Why do you think we have not initiated action or lenders have not initiated action, where did you get that news? Already the -- okay, the action against him will be taken even if drag to NCLT, if necessary, even the other types of options that banks can take against the personal guarantor is being taken. Okay.
I was on the status why you have the power to take action against him.
Yes, might be. Yes, public sector banks are not so weak that we cannot take action. Vijay Mallya, we have taken so much of action my dear. That's why they recorded almost INR 7,000 crores plus.
But sir, are you waiting for you to fly to London, you have to take action immediately?
We have already taken -- see, we've already initiated process of issuing the court circular. Again, the circular is already decided with the comparison will give. I don't think he'll fly anyway, don't worry.
Okay. Sir, one more question I have. But why did you -- why the brand rejected the deal? Why there offer direct?
We have told you...
Where are you expecting NCLT cases?
I have replied this quite a lot of time, saying that it is one sided, it is only covering bond holders and the other unsecured creditors, not secured creditors. We have been given a raw thing in the entire scheme. So we find a lot of value in that company. We find not a value in this brand. But naturally, we want more. [Foreign Language]
We have the next question from the line of Jai Mundhra from B&K Securities.
Sir, first...
Mr. Mundhra, we are unable to hear you pretty clearly. Please go off the speaker phone.
Yes. So is it any better now?
It's still pretty low.
So out of your INR 7,000 crores of staff cost, how much is cash salary and how much is retiral provisions, if you have that breakup?

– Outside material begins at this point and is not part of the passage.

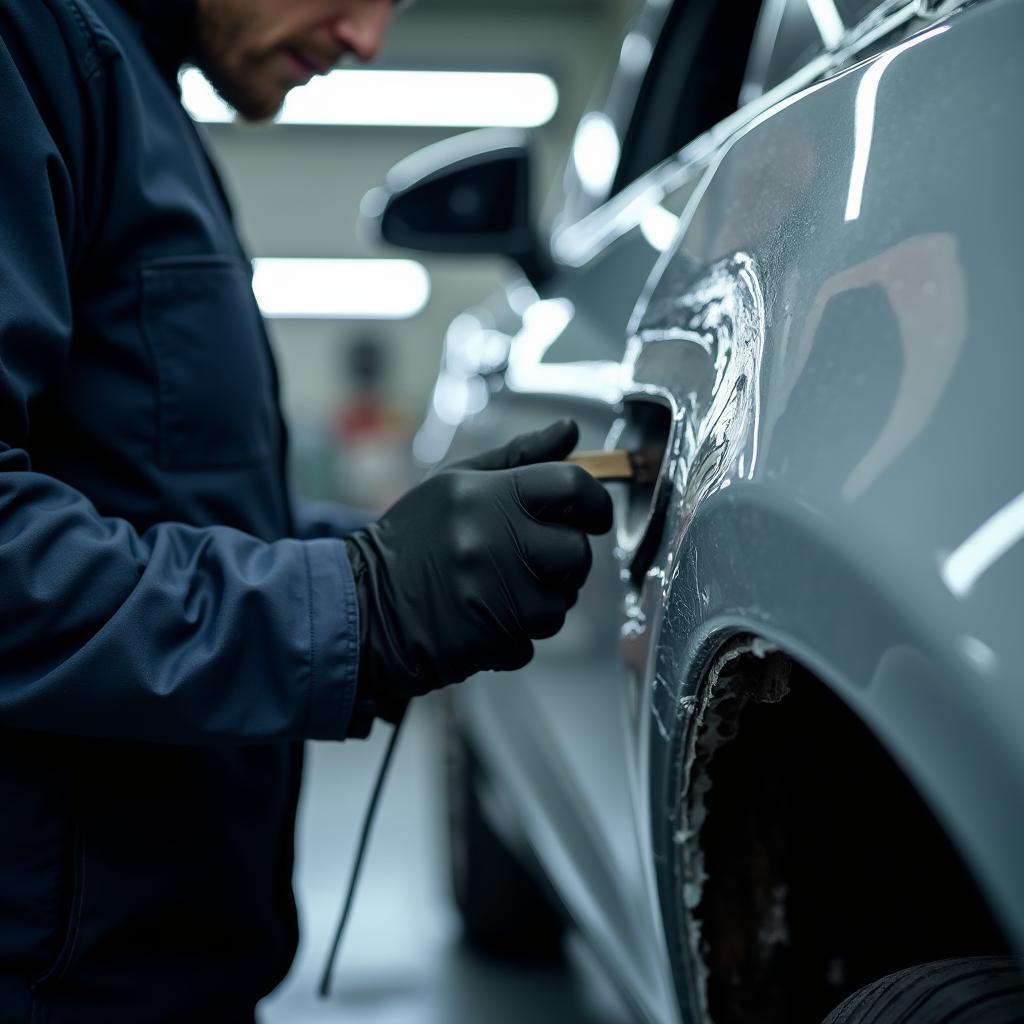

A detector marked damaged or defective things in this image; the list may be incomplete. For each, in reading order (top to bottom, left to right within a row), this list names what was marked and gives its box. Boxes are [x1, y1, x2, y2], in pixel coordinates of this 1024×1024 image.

damaged paint area [671, 634, 790, 1019]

That we'll share with you separately, separately share with you, those are very granular details that will give you separately.
Right. So actually, what I was trying to understand is...
If you want in terms of proportion, it's almost 70-30 proportion. If you want to understand in terms of proportions.
Okay. If, sir, hypothetically, the yields go to go up by 100 basis points over the next 1 year, this 30%, which is roughly INR 2,000 crores of provisions, employee provisions, can there be any positive impact there because of the rising yield and hence, the retirement provisions liability may be lower?
I don't think there is any correlation between yield and retirement of provisions. See, in our case, retirement provisions are all defined benefit schemes, okay. And added to that, there are statutorily prescribed amounts. And insofar as that particular trust is concerned, yield on trust is completely different position. It is not part of our balance sheet at all.
Right. So that trust is independent, right? Maybe LIC, right?
Not LIC, we have our own trusts. We are our own trust. Trust as its own treasury. It makes these investments.
Right. So you're saying if the debt -- the retirement provisions that you will make is not impacted by yield movement, right?
Yes, I don't think so.
Okay. Understood. And sir, out of your 50,000 staff, how much roughly would be on defined benefit and defined contribution?
Around 10,000 as of now existing staff they are in terms of defined contribution. All other not defined contribution.
Could you hear that, Jai?
No, no. So 10,000 is on what defined benefit, right?
Yes, 10,000 of that pensions and the remaining 40,000, 41,000, they are the new question, they are under contribution pension.
Right. And so anyway, you have large proportion have already made move to defined contribution. So that way, it may not matter too much on the yield side. Is that right understanding?
I mean I think as we've already told that it is a separate trust and that trust that is on balance sheet. So any movement in that, that doesn't impact our balance sheet and the quality.
Okay. But sir, is there any because of yield movement, if there is any change in the planned liability or value of your planned assets? We have to make the shortfall good, right? So to that extent, it should matter?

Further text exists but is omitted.